Suburbia

I’m sitting here thinking about the suburbs today, and it’s bringing up some feelings. I’ve been reading an essay on Criterion about the wonderful punk films of Penelope Spheeris, in which author Nick Pinkerton discusses Suburbia, Spheeris’ feature film that chronicles the lives of lost teenagers and young adults from chaotic households who have come together to live on the street and in punk houses and form a kind of family. He writes that the film’s themes are “child neglect, child endangerment, [and] the hostility of the suburban environment,” and the phrase snags at my heart.

My upbringing was more carefully arranged, and more often affectionate, than the ones suffered by Spheeris’ punks, but the idea of suburban hostility is true to my own experience. I grew up in a suburb of Philadelphia, not the kind that’s a development of just houses, but an old town that sat alongside the city limit. It was well served by public transit and somewhat diverse, so—urban by suburban standards, but socially stunted, ruthlessly competitive, and boring, the way suburbs tend to be. Constructed as they are around the ideas of “safety” and privacy, they create a distance between the people who live there that is so unnatural, it can only be upheld by certain kinds of hostility. The fenced-in yards reinforced this distance; so did the silence. Behind every front door was an entirely separate world, and god help you if yours was dangerous or just plain miserable. These days people also have spooky shit like front-door cameras and smart home devices that talk to you in a robot voice, things I can’t get used to and don’t want to. I find myself wondering where all this is leading to, just how extreme our feeling of alienation from each other will become.

As a kid I was always measuring the distance between myself and other people, trying to understand it. Why did it seem like I could understand people when they spoke, hearing even the things they didn’t say out loud, but they couldn’t properly understand me? What was it that separated us all from each other in such brutal ways? How could I solve the problem of my never-ending loneliness? I knew I loved to read because of the way books placed another person’s consciousness inside my own, like having two minds, two sets of thoughts at once, and I think the reason I first started writing stories myself was so that I could live inside another person’s mind in that same way. It’s certainly one of the reasons I continued doing it. To bridge that gap, close up that space, create a community I could live in, even if it was only in my imagination.

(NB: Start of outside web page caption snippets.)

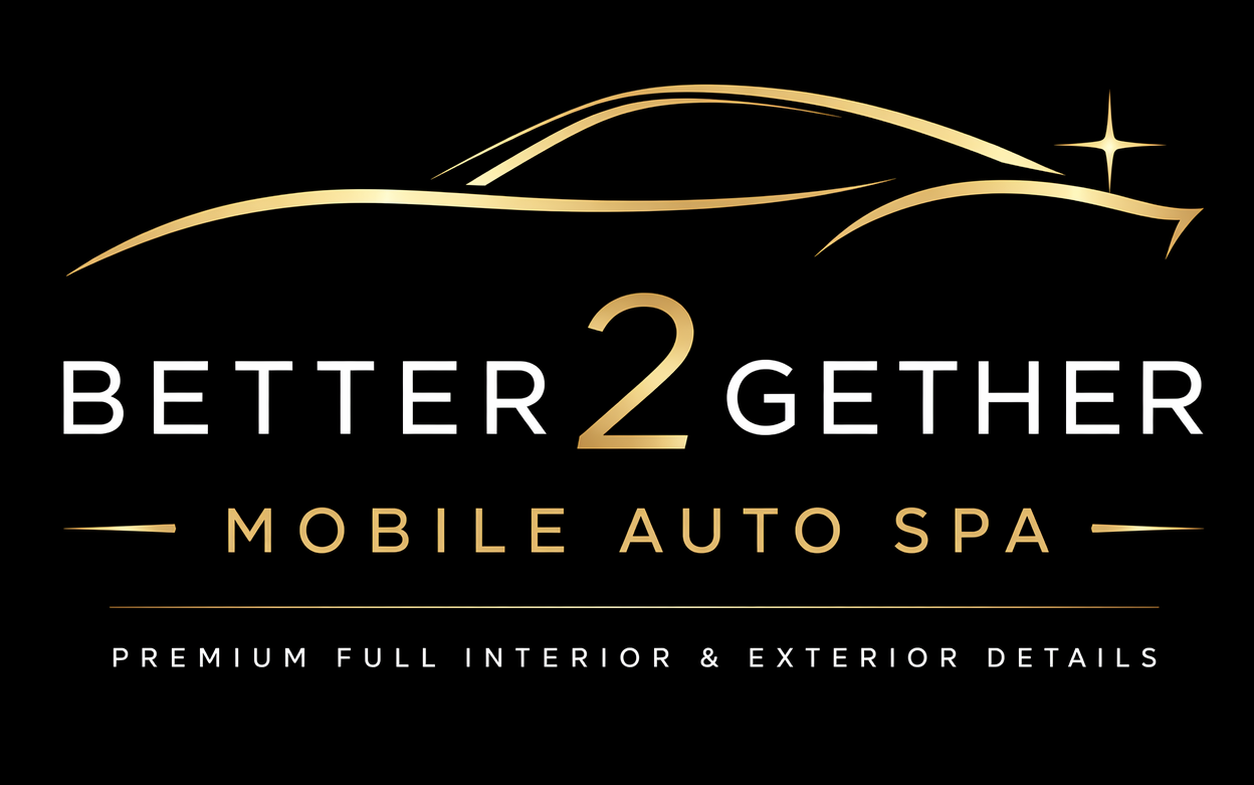 Better 2gether Mobile Detailing Better 2gether Mobile Detailing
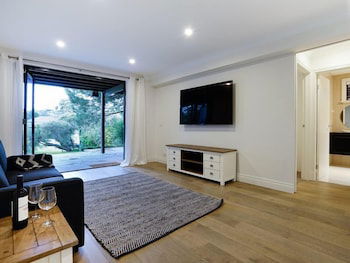 Sorrento Palais - Northern Rivers Accommodation 2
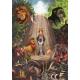 Jig-and-Puz - Le Roi Lion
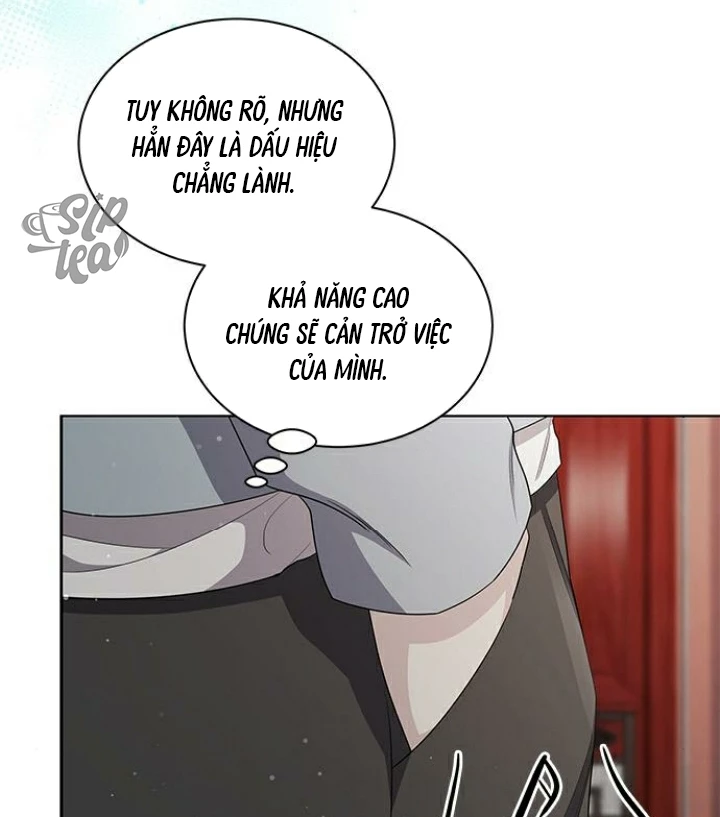 The Castle – Quỷ Nhãn Tân Nương Chapter 71 - Trang 2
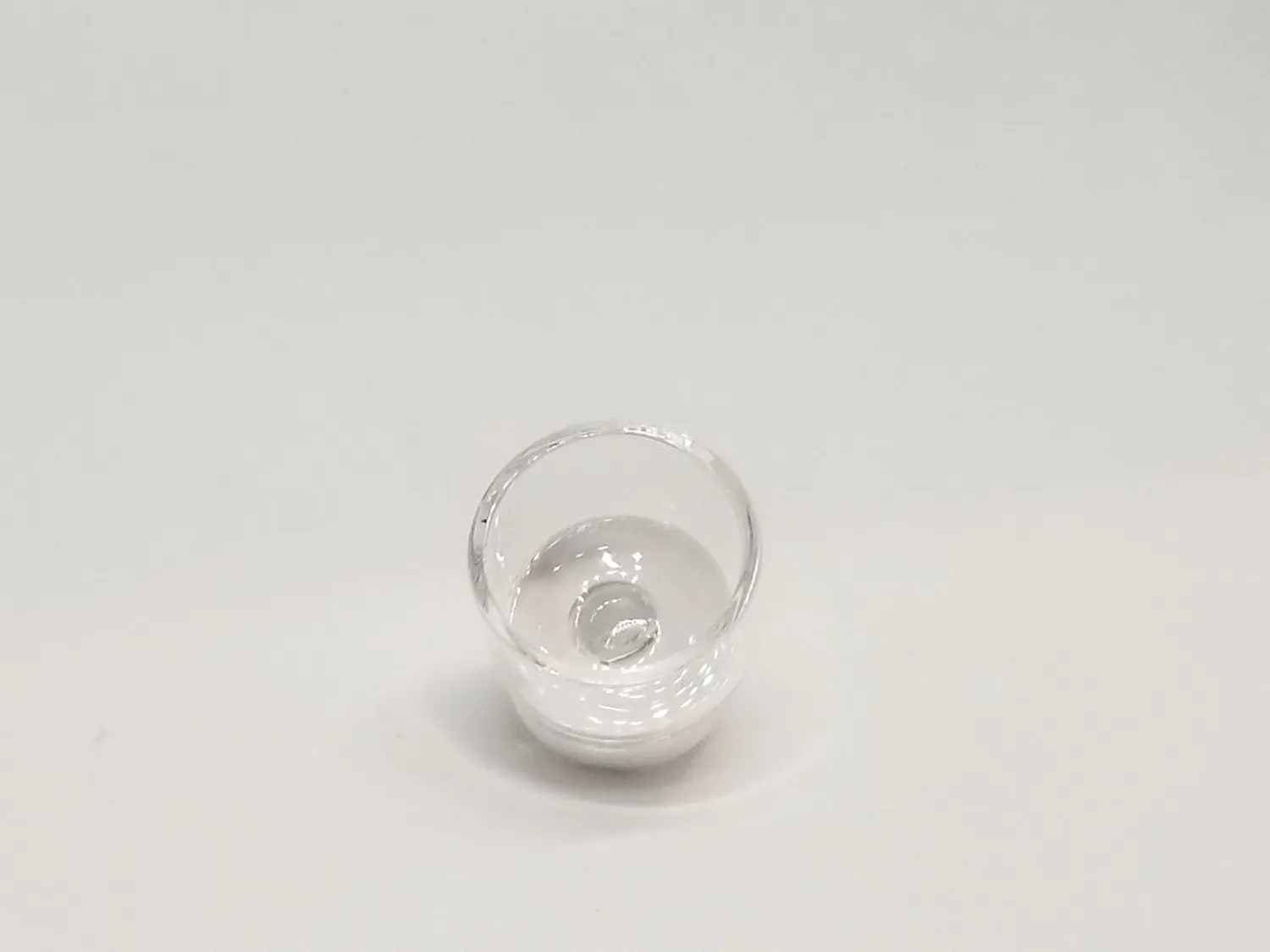 Divine Tribe V4 quartz cup donut coil set 13mm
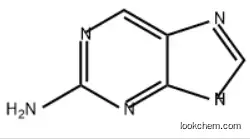 2-Aminopurine CAS：452-06-2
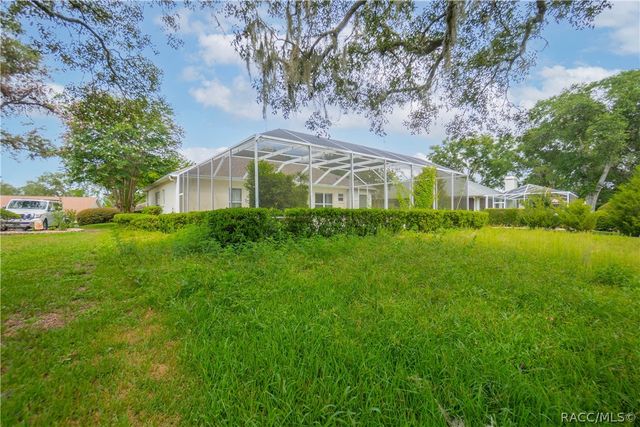 1635 N Marlborough Loop, Crystal River, FL 34429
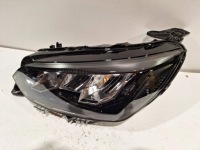 Купить Фара перед левая новая valeo led 9833036380 peugeot 208 2 2008 2 19-, фото thumb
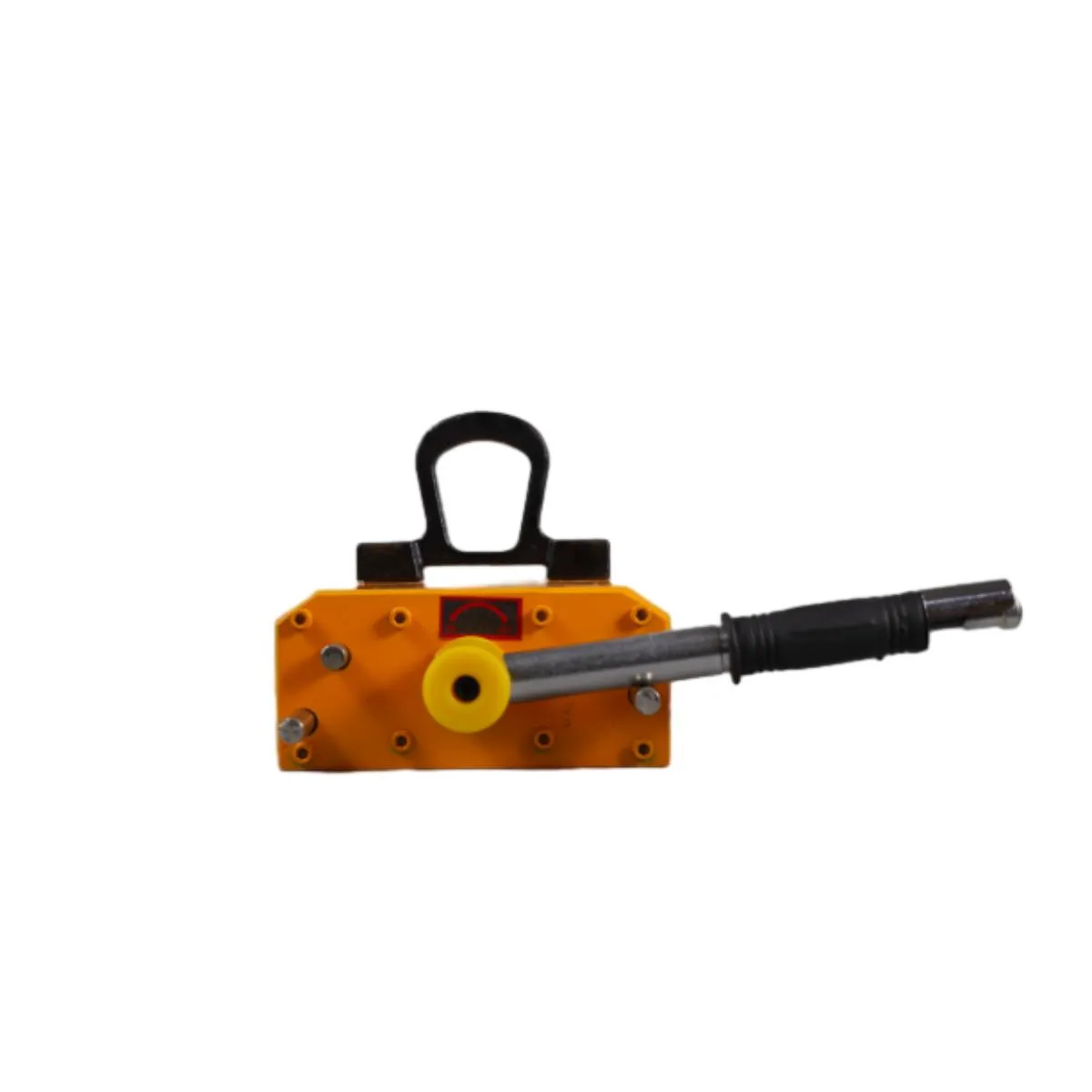 enhancing-efficiency-in-permanent-magnetic-lifters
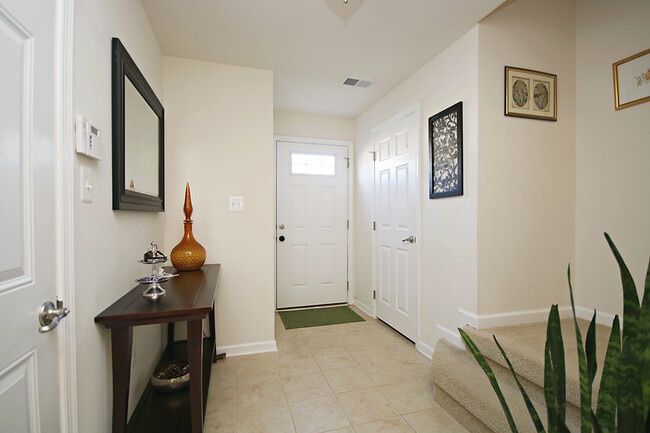 Photo - Spacious Pavilions at Pantops Townhome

When I got a little older, I discovered that music had the same powers of connection and was in some ways even more vivid. In the sixth grade I begged my parents to buy me a copy of Ramones Mania even though I didn’t have a CD player to listen to it on because I had the hazy idea that they were punk, and that punk was cool. When the silly movie The Crow came out I bought the soundtrack on tape because there was a Nine Inch Nails song on it. I loved, loved, loved that song (“Dead Souls”) but it was some years before I learned that it was a cover of a Joy Division song, which led me down new paths of discovery, new kinds of angry music that spoke to the devastation of feeling disconnected. Dead Kennedys? That sounded tough, so I got a copy of Give Me Convenience or Give Me Death and found that Jello Biafra was hilarious and angry, and for good reason.

By the time I was in my 20s I started meeting people who called themselves punks. I found the idea fascinating, the many different ways people define the concept of punk and find an identity for themselves within it, even 20, 30, 40 years after the movement was started. When I started publishing zines and attending zine fairs, making friends with artists who were sharing their work outside of galleries and writers who were sharing theirs outside of traditional publishing, I started to think that there was a way in which I was a punk too. I still think this, though my understanding of what punk means changes day to day. At the very least, the ideals I learned through lyrics and zines have stood by me throughout my adult life, and have served as a kind of guide for how to be: angry but kind, passionate and strong, ethical and upstanding, and prioritizing a certain kind of fuck-you fun. 

All these years later, I still idolize the punks of the 80s and their radical world-building, the way they created a space for themselves where they could belong within a larger structure that had rejected them. I still fear the psychic death of the psychic suburbs that seem to be growing up around us more and more each day. I’m still writing my stories, building my own worlds, trying to understand and be understood. It only happens in small moments, but I’ll take what I can get.